Ouch! This one me hard. She goes into more detail, but the more kids you have the more chaotic it feels. I'm not a big change person so I am doing exactly what she says. I am running around trying to make things feel"normal." I think in my mind I think if I am just more organized here, X will go more smoothly. That does work sometimes but when it doesn't it leads to frustration with my kids. Over and over God has been working on my heart, reminding me to relax. There are so many ways that I have been holding on and never realized.
Another example that rang true was her example of her relationship with God. When she was single she did her devotions every day. Her walk with God was like a rock being refined by the river. With kids it becomes like being in a rock tumbler. Now its not so easy to be Godly because the days are spent crashing into each other. There is less time for reflection and more on the job training and failure. True! Its so easy to read about how you should act, but putting that into practice in the midst of chaos is another level.

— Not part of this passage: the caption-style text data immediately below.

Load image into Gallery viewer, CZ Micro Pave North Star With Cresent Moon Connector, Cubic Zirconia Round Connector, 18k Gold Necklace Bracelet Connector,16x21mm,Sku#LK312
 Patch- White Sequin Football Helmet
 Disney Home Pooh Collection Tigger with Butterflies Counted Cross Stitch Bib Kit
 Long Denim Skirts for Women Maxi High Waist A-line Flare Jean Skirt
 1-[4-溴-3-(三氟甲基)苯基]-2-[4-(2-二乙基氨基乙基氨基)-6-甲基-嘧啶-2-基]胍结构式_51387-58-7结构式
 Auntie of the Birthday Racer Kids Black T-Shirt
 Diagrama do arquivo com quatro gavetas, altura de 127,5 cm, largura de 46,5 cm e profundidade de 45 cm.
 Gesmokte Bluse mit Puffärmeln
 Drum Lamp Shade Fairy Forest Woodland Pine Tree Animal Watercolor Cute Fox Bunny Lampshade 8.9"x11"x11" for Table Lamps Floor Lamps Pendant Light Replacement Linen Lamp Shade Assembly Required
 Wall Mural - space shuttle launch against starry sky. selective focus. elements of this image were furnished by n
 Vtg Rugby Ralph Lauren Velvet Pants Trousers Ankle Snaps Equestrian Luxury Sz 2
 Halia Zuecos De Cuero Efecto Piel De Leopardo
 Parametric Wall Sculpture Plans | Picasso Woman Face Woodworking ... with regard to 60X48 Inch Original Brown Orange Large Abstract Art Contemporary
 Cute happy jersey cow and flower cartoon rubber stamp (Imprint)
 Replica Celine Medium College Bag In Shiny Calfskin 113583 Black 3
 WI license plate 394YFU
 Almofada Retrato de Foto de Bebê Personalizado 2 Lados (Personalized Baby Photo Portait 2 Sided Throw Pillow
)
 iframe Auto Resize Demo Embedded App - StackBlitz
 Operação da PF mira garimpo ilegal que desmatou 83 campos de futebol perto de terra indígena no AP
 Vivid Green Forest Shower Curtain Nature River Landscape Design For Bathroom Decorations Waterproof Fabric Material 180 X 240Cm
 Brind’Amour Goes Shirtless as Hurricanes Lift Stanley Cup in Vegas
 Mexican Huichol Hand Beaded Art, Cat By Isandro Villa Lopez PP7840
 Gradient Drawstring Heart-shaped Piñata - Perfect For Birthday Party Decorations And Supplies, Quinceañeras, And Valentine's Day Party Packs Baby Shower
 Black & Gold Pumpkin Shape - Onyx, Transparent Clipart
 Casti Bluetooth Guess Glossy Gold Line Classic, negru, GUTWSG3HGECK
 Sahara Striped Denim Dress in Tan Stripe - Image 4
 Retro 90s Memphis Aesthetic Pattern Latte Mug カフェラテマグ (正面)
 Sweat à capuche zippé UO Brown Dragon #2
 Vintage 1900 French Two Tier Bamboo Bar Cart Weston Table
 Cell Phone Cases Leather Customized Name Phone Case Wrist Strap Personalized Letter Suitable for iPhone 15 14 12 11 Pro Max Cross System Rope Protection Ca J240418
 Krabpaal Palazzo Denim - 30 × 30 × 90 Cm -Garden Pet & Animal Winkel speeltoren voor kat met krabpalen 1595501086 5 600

Another example that I really get is when she says we are responsible to see our kids as individuals. Sounds easy, but it's not. An example that I understand all to well is when you are cooking. When you have one child and they want to help you are enthusiastic. When you get a whole bunch of kids all wanting to help it becomes overwhelming and in my experience so much more work. It's so easy to say no because it would be faster to do it yourself. That is when you need to see them as individuals and not mass. She says, " Most of the time kids do not know they are overwhelming. That's because they never forget they are individuals."
I have to remind myself how different this picture will look in a mere ten years. In the moment sometimes it is hard to see that. Dishes and sticky floors aren't for the rest of my life. They are for a season. God is working on me, teaching me to let go and let him run the ship. I am so busy trying to be the pilot. I think I am beginning to realize where my daughter got her stubborness.